Compressive Hermite interpolation: sparse, high-dimensional approximation from gradient-augmented measurements

TL;DR

This paper extends sparse polynomial approximation methods to include gradient measurements, demonstrating improved error bounds and reduced dimensionality effects, supported by numerical experiments.

Contribution

It introduces a gradient-augmented approach to polynomial approximation, achieving stronger error bounds with similar sample complexity, reducing the curse of dimensionality.

Findings

Gradient-augmented measurements improve approximation error bounds.

Sample complexity remains algebraic in sparsity and logarithmic in dimension.

Numerical experiments confirm the benefits of gradient information.

Abstract

We consider the sparse polynomial approximation of a multivariate function on a tensor product domain from samples of both the function and its gradient. When only function samples are prescribed, weighted $\ell^1$ minimization has recently been shown to be an effective procedure for computing such approximations. We extend this work to the gradient-augmented case.
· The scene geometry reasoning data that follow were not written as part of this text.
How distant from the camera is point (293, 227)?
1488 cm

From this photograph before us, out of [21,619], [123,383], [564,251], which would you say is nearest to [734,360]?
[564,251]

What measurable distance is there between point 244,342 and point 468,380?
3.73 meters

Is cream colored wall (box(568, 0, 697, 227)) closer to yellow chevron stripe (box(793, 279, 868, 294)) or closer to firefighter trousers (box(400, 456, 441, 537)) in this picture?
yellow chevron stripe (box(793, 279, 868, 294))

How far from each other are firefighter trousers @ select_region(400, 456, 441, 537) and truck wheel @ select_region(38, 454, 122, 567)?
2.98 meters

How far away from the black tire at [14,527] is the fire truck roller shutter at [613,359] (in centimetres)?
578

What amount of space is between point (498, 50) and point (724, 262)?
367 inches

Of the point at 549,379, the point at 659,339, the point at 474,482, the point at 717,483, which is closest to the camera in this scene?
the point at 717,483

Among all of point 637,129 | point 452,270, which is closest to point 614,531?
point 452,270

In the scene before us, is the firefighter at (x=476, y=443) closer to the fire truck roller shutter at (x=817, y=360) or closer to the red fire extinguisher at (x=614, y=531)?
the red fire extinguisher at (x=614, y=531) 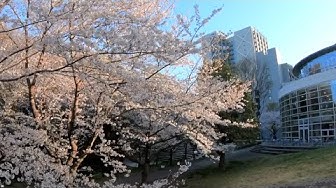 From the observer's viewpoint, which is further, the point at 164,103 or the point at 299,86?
the point at 299,86

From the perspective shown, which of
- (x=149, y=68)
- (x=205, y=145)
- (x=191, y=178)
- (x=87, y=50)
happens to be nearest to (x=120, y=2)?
(x=149, y=68)

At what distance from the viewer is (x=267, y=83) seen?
146 ft

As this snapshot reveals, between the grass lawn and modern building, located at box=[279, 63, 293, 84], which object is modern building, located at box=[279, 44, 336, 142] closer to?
the grass lawn

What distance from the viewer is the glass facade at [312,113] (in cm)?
2852

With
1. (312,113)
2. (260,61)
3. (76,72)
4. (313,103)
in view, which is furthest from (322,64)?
(76,72)

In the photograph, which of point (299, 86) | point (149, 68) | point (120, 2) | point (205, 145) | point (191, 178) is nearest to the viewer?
point (149, 68)

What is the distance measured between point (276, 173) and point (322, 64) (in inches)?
780

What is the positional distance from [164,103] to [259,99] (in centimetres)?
3903

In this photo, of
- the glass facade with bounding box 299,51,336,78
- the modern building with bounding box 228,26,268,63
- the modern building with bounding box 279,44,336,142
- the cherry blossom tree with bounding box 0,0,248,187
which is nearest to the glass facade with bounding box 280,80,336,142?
the modern building with bounding box 279,44,336,142

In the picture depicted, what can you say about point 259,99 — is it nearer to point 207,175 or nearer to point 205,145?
point 207,175

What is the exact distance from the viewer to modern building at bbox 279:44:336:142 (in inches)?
1131

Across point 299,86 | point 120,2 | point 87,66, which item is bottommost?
point 87,66

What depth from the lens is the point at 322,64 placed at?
3369 centimetres

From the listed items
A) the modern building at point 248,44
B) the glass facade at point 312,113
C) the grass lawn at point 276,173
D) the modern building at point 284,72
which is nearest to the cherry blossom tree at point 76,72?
the grass lawn at point 276,173
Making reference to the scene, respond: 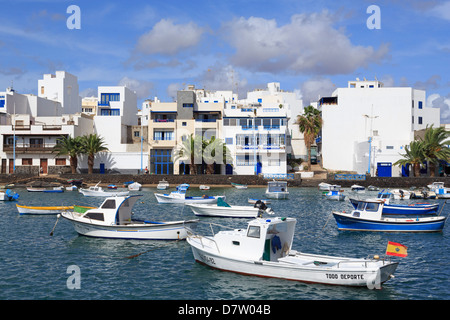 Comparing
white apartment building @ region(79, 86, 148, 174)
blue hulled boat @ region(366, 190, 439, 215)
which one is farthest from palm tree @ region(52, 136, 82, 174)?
blue hulled boat @ region(366, 190, 439, 215)

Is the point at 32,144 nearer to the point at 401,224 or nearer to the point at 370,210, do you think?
the point at 370,210

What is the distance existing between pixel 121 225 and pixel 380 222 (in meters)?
21.2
Our main results show that for the same asymptotic sample complexity, gradient-augmented measurements achieve an approximation error bound in a stronger Sobolev norm, as opposed to the $L^2$-norm in the unaugmented case. For Chebyshev and Legendre polynomial approximations, this sample complexity estimate is algebraic in the sparsity $s$ and at most logarithmic in the dimension $d$, thus mitigating the curse of dimensionality to a substantial extent. We also present several experiments numerically illustrating the benefits of gradient information over an equivalent number of function samples only.